Kardiologia polska 2017 12 01() doi 10.5603/KP.a2017.0228
Cardionhibitory syncope is related with excessive bradycardia or asystole due to parasympathetic response.
We investigated whether patients with cardioinhibitory syncope have higher heart rate recovery index (HRRi) considered as an parasympathetic system activation in exercises stress testing (EST) than other those with other neurogenic syncope forms METHODS: A total of 262 patients who had neurogenic syncope documented by head-up tilt test (HUTT) and 199 healthy control individuals were examined.
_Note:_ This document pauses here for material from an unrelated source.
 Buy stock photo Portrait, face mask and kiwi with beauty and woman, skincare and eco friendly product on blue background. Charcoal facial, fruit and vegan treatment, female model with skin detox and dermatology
A maximal EST was applied to all patients after the HUTT. The HRRi was obtained by subtracting the heart rate that was measured at the first (HRRi-1), second (HRRi-2) and third minute (HRRi-3) of the recovery period from the maximal heart rate that was measured during the test.
80 patients had cardioinhibitory syncope, 118 patients had vasodepressor syncope, and 64 patients had mixed type syncope. The HRRi-1 was higher in patients with syncope (43.3±7.7) compared to the control group (34.5±4.8) (p<0.001). Among the syncope groups, there was no difference between patients with vasodepressor syncope (42.2±7.6) and patients with mixed type syncope (40.7±4.1) in terms of HRRi-1 according to post hoc analysis (p=0.420). However, patients with cardioinhibitory syncope (47±8.7) had a higher HRRi-1 than vasodepressor and mixed type syncope groups (p<0.05). The threshold value of the HRRi-1, which can be used for the prediction of cardioinhbitory syncope development, was determined to be 41 with 75% sensitivity and 72% specificity. CONCLUSIONS
The HRRi-1 was higher in patients with cardioinhibitory syncope compared to the controls. The HRRi-1 has the predictive feature of differentiating cardioinhibitory syncope from other syncope types.